* _What the exercise asks_
What is needed is an exact retyping of the records below, from the first line through the line that contains "Luxuriöse Weihnachtsgeschenkbox mit".

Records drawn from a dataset
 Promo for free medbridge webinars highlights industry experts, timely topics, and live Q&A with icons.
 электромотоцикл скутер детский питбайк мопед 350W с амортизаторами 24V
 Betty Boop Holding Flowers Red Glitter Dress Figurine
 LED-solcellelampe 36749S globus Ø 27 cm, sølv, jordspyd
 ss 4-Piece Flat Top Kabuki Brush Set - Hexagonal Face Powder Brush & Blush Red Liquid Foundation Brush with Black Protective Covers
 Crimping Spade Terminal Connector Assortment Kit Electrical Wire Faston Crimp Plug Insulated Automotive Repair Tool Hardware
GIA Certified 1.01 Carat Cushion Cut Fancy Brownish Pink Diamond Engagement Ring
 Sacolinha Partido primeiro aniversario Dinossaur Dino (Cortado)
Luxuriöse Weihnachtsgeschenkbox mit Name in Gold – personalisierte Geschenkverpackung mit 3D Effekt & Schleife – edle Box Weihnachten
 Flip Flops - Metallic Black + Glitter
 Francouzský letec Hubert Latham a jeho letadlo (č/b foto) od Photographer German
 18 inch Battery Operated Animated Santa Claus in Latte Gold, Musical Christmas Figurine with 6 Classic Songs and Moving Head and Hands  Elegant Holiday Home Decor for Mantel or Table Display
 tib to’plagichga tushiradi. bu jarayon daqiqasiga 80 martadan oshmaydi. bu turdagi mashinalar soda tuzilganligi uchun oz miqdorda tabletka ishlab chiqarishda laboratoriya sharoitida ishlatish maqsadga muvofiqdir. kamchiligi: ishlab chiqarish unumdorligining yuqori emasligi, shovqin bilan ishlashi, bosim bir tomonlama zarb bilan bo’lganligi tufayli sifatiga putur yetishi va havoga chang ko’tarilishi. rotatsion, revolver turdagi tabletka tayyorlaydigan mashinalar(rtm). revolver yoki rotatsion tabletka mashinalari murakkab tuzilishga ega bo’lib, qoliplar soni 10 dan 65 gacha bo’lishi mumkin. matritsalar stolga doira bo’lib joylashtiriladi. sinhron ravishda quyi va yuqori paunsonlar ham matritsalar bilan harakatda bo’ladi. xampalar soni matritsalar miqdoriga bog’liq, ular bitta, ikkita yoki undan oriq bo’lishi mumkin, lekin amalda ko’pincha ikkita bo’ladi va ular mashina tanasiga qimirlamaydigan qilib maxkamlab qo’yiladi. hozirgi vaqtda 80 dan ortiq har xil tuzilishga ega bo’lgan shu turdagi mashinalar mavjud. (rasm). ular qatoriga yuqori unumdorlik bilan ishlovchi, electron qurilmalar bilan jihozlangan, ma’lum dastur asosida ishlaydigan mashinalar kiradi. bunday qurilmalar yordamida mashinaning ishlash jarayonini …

* _Answer to this problem_
 Promo for free medbridge webinars highlights industry experts, timely topics, and live Q&A with icons.
 электромотоцикл скутер детский питбайк мопед 350W с амортизаторами 24V
 Betty Boop Holding Flowers Red Glitter Dress Figurine
 LED-solcellelampe 36749S globus Ø 27 cm, sølv, jordspyd
 ss 4-Piece Flat Top Kabuki Brush Set - Hexagonal Face Powder Brush & Blush Red Liquid Foundation Brush with Black Protective Covers
 Crimping Spade Terminal Connector Assortment Kit Electrical Wire Faston Crimp Plug Insulated Automotive Repair Tool Hardware
GIA Certified 1.01 Carat Cushion Cut Fancy Brownish Pink Diamond Engagement Ring
 Sacolinha Partido primeiro aniversario Dinossaur Dino (Cortado)
Luxuriöse Weihnachtsgeschenkbox mit Name in Gold – personalisierte Geschenkverpackung mit 3D Effekt & Schleife – edle Box Weihnachten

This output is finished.